Ángel Chans

Personal information
- Full name: Ángel Chans Sagüillo
- Date of birth: 24 February 2003 (age 23)
- Place of birth: A Coruña, Spain
- Position: Centre-back

Team information
- Current team: Mirandés B
- Number: 22

Youth career
- Ural
- 2021–2022: Burgos

Senior career*
- Years: Team / Apps / (Gls)
- 2022–2023: Paiosaco / 26 / (1)
- 2023–2024: Burgos B / 16 / (0)
- 2024–: Mirandés B / 30 / (1)
- 2025–: Mirandés / 0 / (0)

= Ángel Chans =

Spanish footballer (born 2003)

Ángel Chans Sagüillo (born 24 February 2003) is a Spanish footballer who plays for CD Mirandés B. Mainly a centre-back, he can also play as a right-back.

==Career==
Born in A Coruña, Galicia, Chans played for hometown side Ural CF before joining Burgos CF's Juvenil side in 2021. On 29 June 2022, after finishing his formation, he signed for Tercera Federación side UD Paiosaco.

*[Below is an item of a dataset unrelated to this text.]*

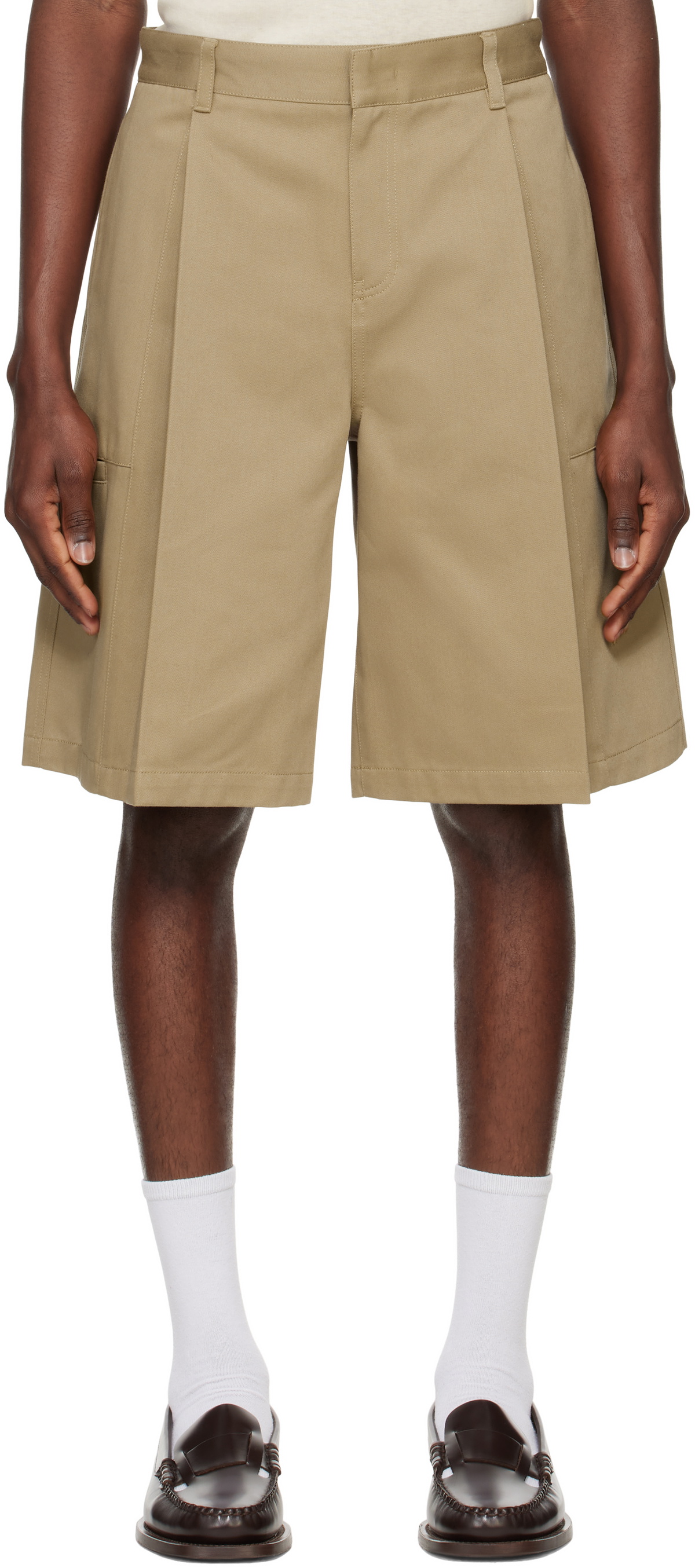 System Khaki Pleated Bermuda Shorts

In July 2023, Chans returned to Burgos and was assigned to the reserves also in the fifth division. Roughly one year later, he moved to another reserve team, CD Mirandés B in the same category.

Regularly used in the B-team, Chans made his first team debut with the Jabatos on 3 December 2025, coming on as a second-half substitute for Iker Varela in a 2–0 home loss to Sporting de Gijón, for the season's Copa del Rey.